Transcribe exactly everything in the data below from the line containing "Fig. 3: Coronal" down to the line containing "first picture where", both lines included and nothing further.
━━ INFORMATION GIVEN
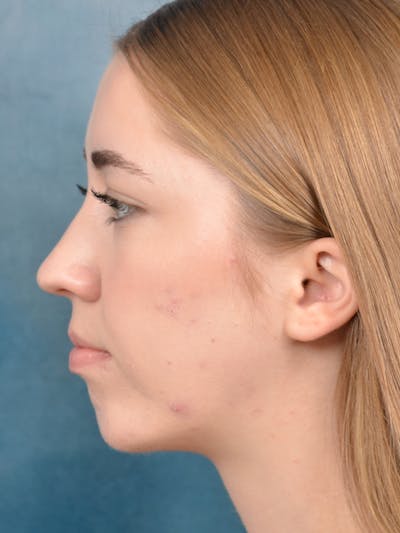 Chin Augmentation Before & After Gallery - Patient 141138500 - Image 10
━━━━
━━ INFORMATION GIVEN
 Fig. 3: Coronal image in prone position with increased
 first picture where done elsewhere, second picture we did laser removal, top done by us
━━━━
### ANSWER TO THIS EXERCISE
 Fig. 3: Coronal image in prone position with increased
 first picture where done elsewhere, second picture we did laser removal, top done by us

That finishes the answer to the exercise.